[ LOL! I see Garth's a faster typist than I am. Also he touches on a point I overlooked -- namely, that merely reading can change status in some cases. The IFR of a 6522 is one example -- reading that register can change its contents. My comments are more general. Vladimir's post raises other questions worth examining.]
Most computers have address decode logic which, for any particular address, will activate
only one memory / IO device -- or possibly none, but never
more than one. OTOH other computers use decode logic which, for cost or space reasons, is simplified, and the "one device at a time" rule has exceptions. For example, supposing there are two IO devices, you might find there's...
- a portion of the CPU address range in which neither IO device activates
- a portion of the CPU address range in which device A activates
- a portion of the CPU address range in which device B activates
- a portion of the CPU address range in which device A and B both activate
Code that's written specifically for accessing these devices won't use the "neither" range or the "both" range. But other, more general code (like your examples) might.
A read or write access to the "A" or to the "B" range is what you'd call business as usual. The only caveat is the one Garth raised.
A write access to the "neither" range produces no effect, and is harmless. A read access is harmless for hardware, but the data returned is somewhat unpredictable. Presumably the software won't succeed or fail based on such an access, so there's no harm there, either.
A
write access to the "both" range is "heard" by both devices, and that could even be useful! But a
read access to the "both" range is the problem we need to discuss. When two devices are simultaneously commanded to drive the data bus, the result (ignoring the unlikely case where both devices happen to read identical data) is bus contention.
Vladimir wrote:
Is it dangerous for soft- and hardware?
The data returned is undefined, so the software mustn't succeed or fail based on such an access. But it's not worth worrying about, since in these circumstances it's impossible to define success! As for the hardware, nobody will
recommend bus contention. It's guaranteed to result in an abnormally high current flow from the outputs of the two devices involved. Nevertheless, the probability of damage is small. If you don't notice the chips getting hot then you're probably OK. I realize that doesn't sound very scientific!
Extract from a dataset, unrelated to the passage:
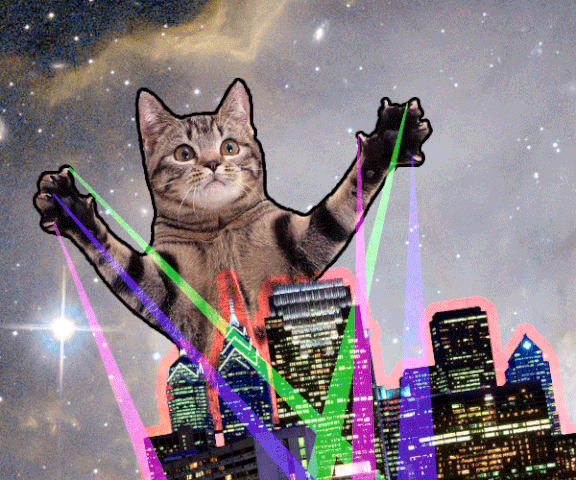 File:Cm-27552-05086255d04879.gif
Remember the excess current flow occurs only during cycles for which the devices are accessed. Because those cycles are typically very much in the minority the heating effect will be small -- IOW the
average dissipation is tolerable.
Two final notes. Modern, CMOS devices are capable of higher output current than older devices -- especially NMOS. So if you're using only NMOS I wouldn't worry at all about contention causing permanent hardware damage.
The other issue is VCC supply noise resulting from the excess current associated with contention -- especially in the absence of adequate decoupling capacitors. This won't cause any permanent damage, but it can be enough to upset the software.
-- Jeff